Until, that is, Pearsall put on a numbered bib, laced up his running shoes, and proceeded to earn himself millions. Clocking in at a 4.41-second 40-yard dash and boasting a 42-inch vertical jump, the third-best among wide receivers at the combine, Pearsall’s athleticism was undeniable. His combine performance didn’t just elevate his draft stock. It transformed him into a coveted commodity, a “steal” for any team looking to bolster its receiving corps.
This spectacle of young talent being measured, analyzed, and commodified is at the heart of the NFL draft’s allure. It is a moment in which athleticism and potential are quantified, in which a player’s worth is distilled into numbers, rankings, and what one long-ago scout called “dollar signs on the muscle.” The draft, with its endless stream of content, scouting reports, and player ratings, overshadows many real sporting contests between March and April. Fans, taking on the role of armchair general managers, delve into the minutiae of each prospect, debating who will be the most cost-effective savior of their beloved team.
Herein lies a more complex reality. The draft serves as a mirror reflecting the best and worst of capitalism in professional sports, the packaged securitization of athletics, a numbers-obsessed meritocracy in which young men are scrutinized in ways that border on the dehumanizing. Descriptions on the NFL draft website can venture into uncomfortably personal territory. Such a description, for instance, might detail a player’s “broad chest, thick hips, and meaty hands,” “exceptional high calves and long thighs,” or his “low rear end and gorgeous acceleration off the block,” applying marketing language and market values to what once might have been described in terms of transcendent physical prowess.
Descriptions lauding a player’s “plus body” or “huge hands and feet” not only serve to objectify but, more importantly, to commodify, making the player’s physical attributes the primary focus of their value proposition. This relentless focus on physicality effectively dehumanizes the athletes, shifting the narrative from their skills, work ethic, and on-field intelligence, factors usually reduced to a single marginal unit of analysis labeled “intangibles,” to an assessment reminiscent of livestock auctions rather than evaluations of professional talent.

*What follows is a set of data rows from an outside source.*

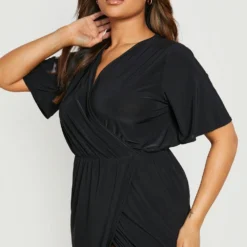 Grande Taille - Robe Portefeuille Soyeuse à Manches Larges 9 Grande Taille - Robe Portefeuille Soyeuse à Manches Larges -Pas Cher Vêtue Diva Magasin gzz14848 black xl 3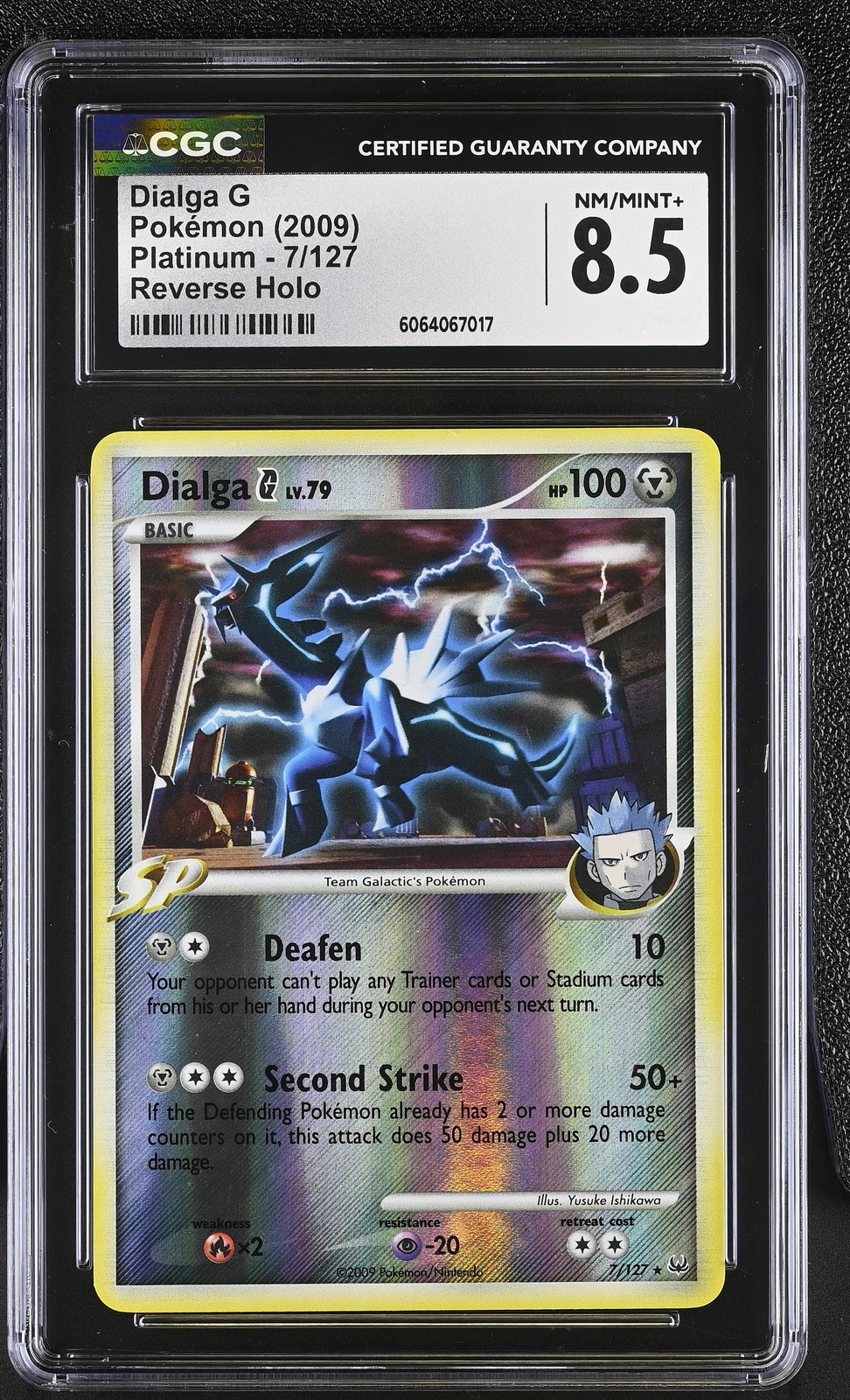 CGC 8.5 Dialga G 7/127 Reverse Holo Platinum Pokémon Card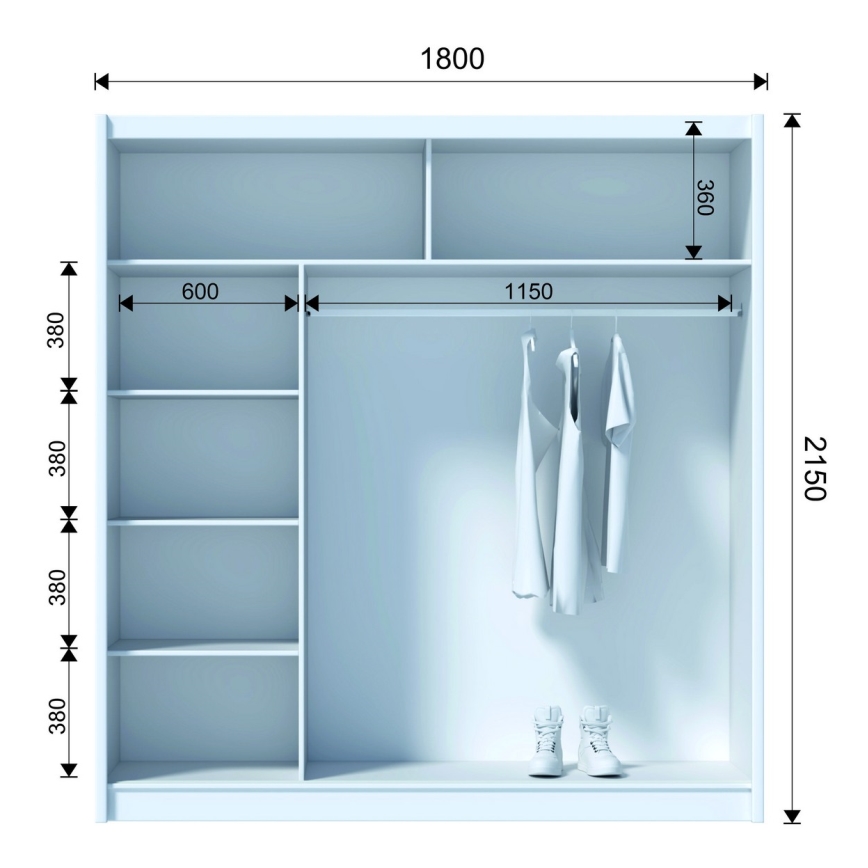 Kleiderschrank mit Spiegel SABRINA 180x215 cm Wotan-Eiche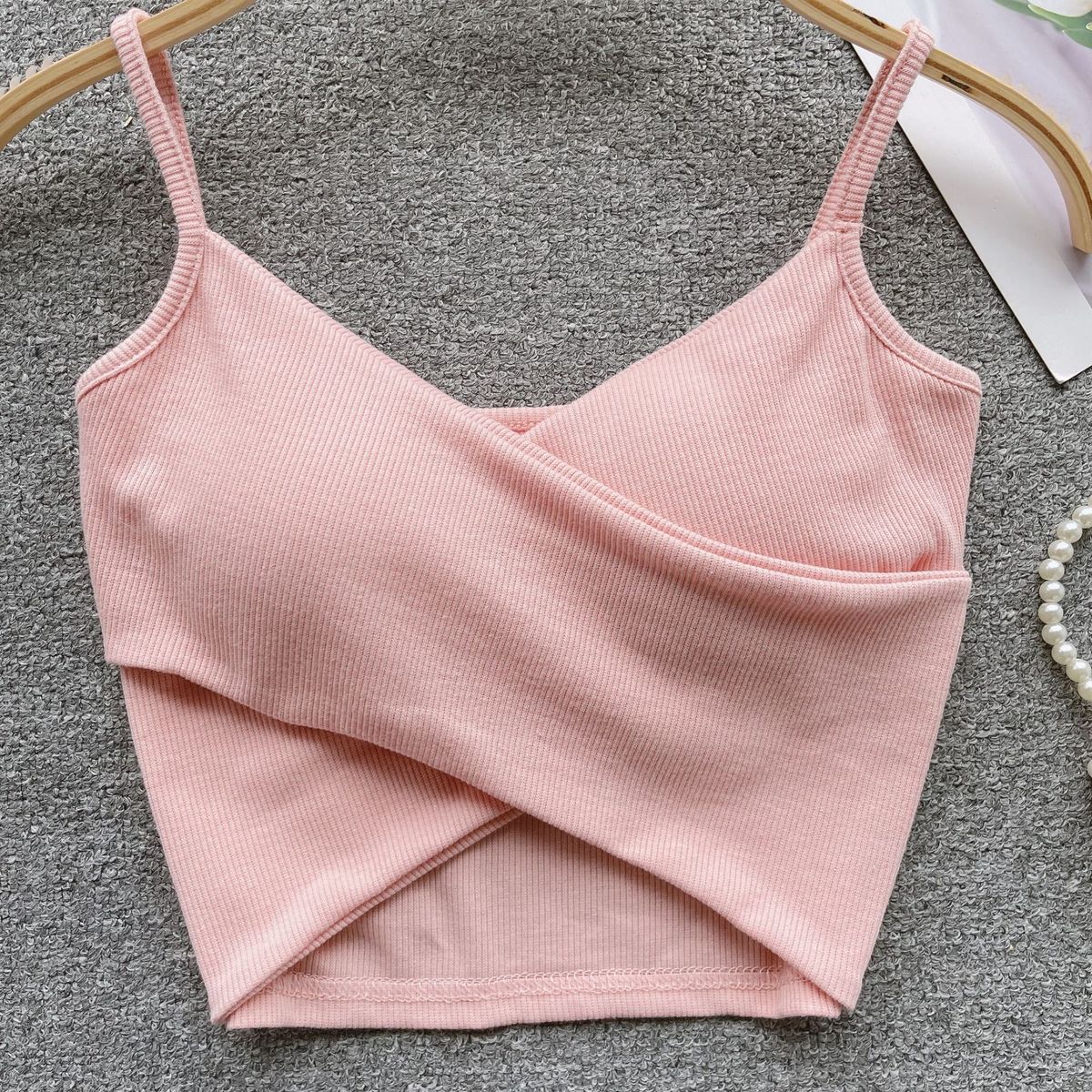 Camisola corta sexy de color liso con hilo cruzado para mujer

This relentless, cash-on-the-barrelhead analysis is accompanied by a host of numerical grades for all sorts of physical and mental attributes. The process is oddly akin to the scouting of potential supermodels or the casting for a big-budget porn film, positioning these young men at the intersection of opportunity and exploitation. Along the way, hundreds of thousands of draft-obsessed sports fans become enthusiastically complicit in this money-saturated process.
The NFL draft’s exhaustive coverage reflects a culture that places its highest value on the process of valuation itself, in which the physical measurements of young athletes become fodder for endless return-on-investment analysis. Of course, this phenomenon extends beyond the draft itself. Fantasy sports enthusiasts and video gamers lost in their Madden and NBA 2K franchises become engrossed in the minutiae of salaries, contracts, and the cold calculus of “cutting dead weight,” aligning their interests more closely with the financial imperatives of team ownership than with the near-miraculous athleticism or the well-being of the players themselves. This alignment with capital interests reflects a culture in which shareholder value trumps other considerations, such as the aesthetic pleasure of watching generational talents utilize their skills or the communal spirit of local sporting rivalries.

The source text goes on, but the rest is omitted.